**TASK DETAILS**
The lines to output run from the first line of the entries below through the line containing "When you are"; copy them exactly and leave out pictures.

**ENTRIES SUPPLIED**
+++++

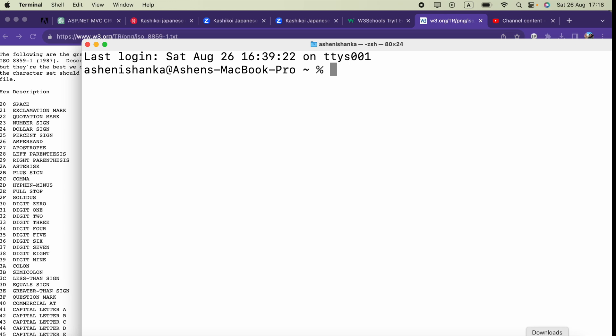Hi guys, in this video I'm going to show you how we can download a file from a URL using the terminal.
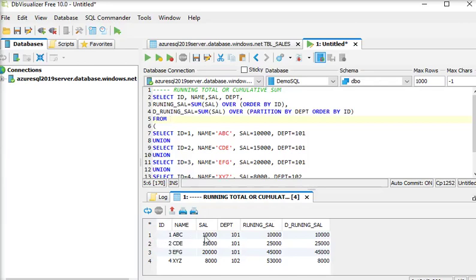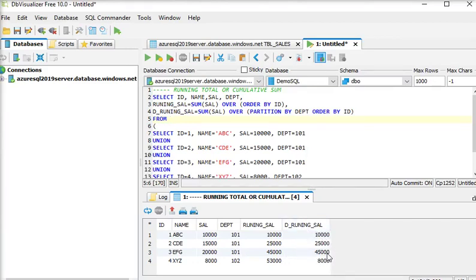For ID 1, salary is 10,000, running cell is 10,000, and department running cell is also 10,000. For the next row, the department is the same so the running total is 25,000 and department running salary is also 25,000. The next salary is 20,000 for the same department so it becomes 45,000. For the fourth row, the department name has changed so the running total keeps adding, but the department running salary resets and starts from 8,000.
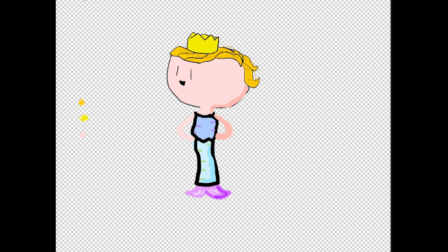When you are satisfied, you can go in and add small details. I'm going to add in some rosy cheeks and some details to the crown.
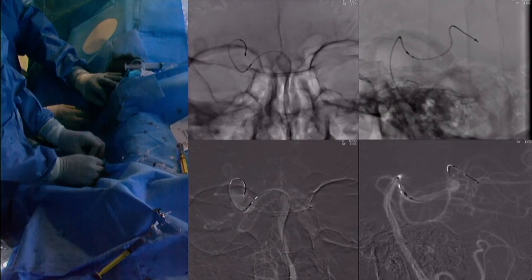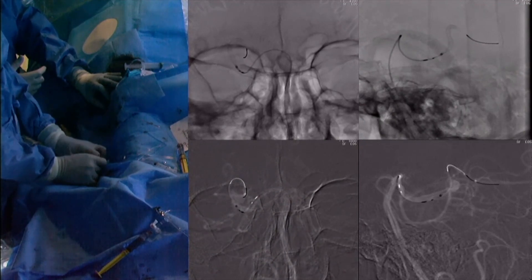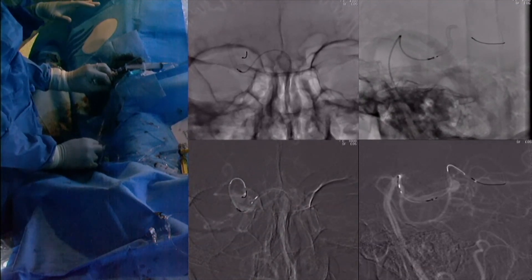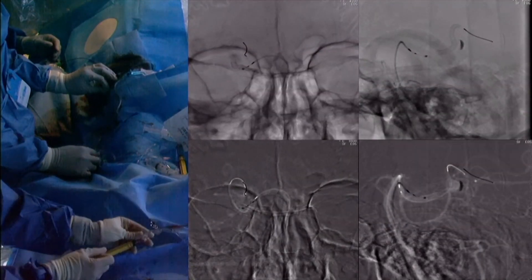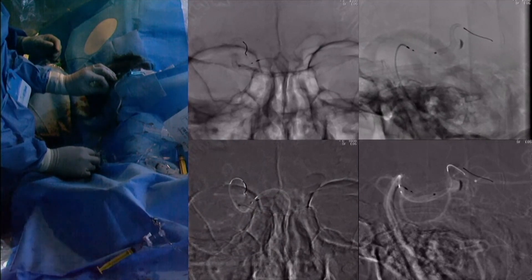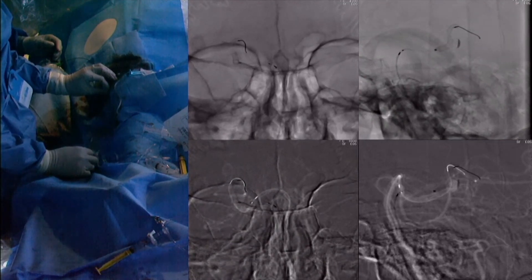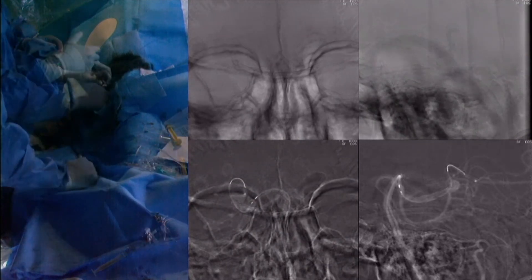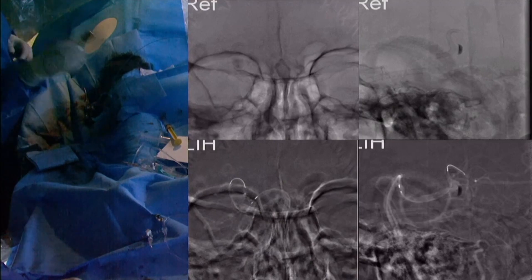Here we can see deployment of the stent distal, across, and proximal to the aneurysm. We now bump the stent proximally in order to compress the stent a little bit, to reduce the interstices and create more flow diversion. Here we can see a meniscus or stasis of contrast in the aneurysm. Once we are satisfied with the placement of the stent, we then retrieve the stent delivery wire as well as the microcatheter. Final angiograms show persistent stasis of contrast in the complex aneurysm with excellent flow in the parent vessel.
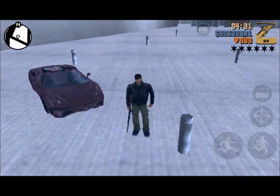Hello. I will show you how you can modify GTA 3 for Android on your smartphone.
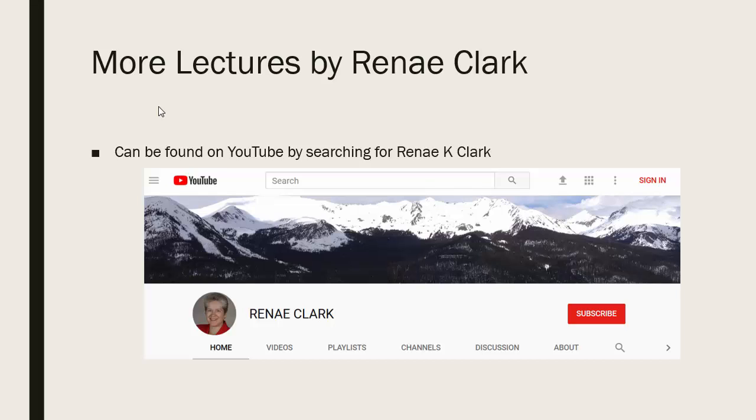More of my lectures can be found on YouTube by searching for Renee K. Clark and then subscribing to my channel. You will find a variety of Excel lectures available as well as selected other lectures.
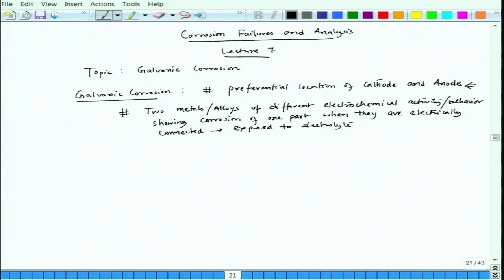This definition is not all there is to galvanic corrosion. You also have to consider that there would be a preferential location of cathode and anode. Whenever we talk about galvanic corrosion, we start with a voltaic cell or zinc-copper cell. So galvanic corrosion has the definition part, but the major part is the preferential location of cathode and anode.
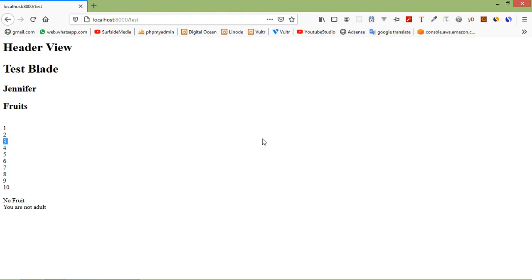So in this way you can use blade templates in Laravel 8. That's all about blade templates. Thanks for watching this video — if you have any questions, you can ask in the comment box. Don't forget to subscribe to the channel. Thanks for watching.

+++++

**SOLVED PROBLEM**
Hi guys, in this video I'm going to show you how we can download a file from a URL using the terminal.
For ID 1, salary is 10,000, running cell is 10,000, and department running cell is also 10,000. For the next row, the department is the same so the running total is 25,000 and department running salary is also 25,000. The next salary is 20,000 for the same department so it becomes 45,000. For the fourth row, the department name has changed so the running total keeps adding, but the department running salary resets and starts from 8,000.
When you are satisfied, you can go in and add small details. I'm going to add in some rosy cheeks and some details to the crown.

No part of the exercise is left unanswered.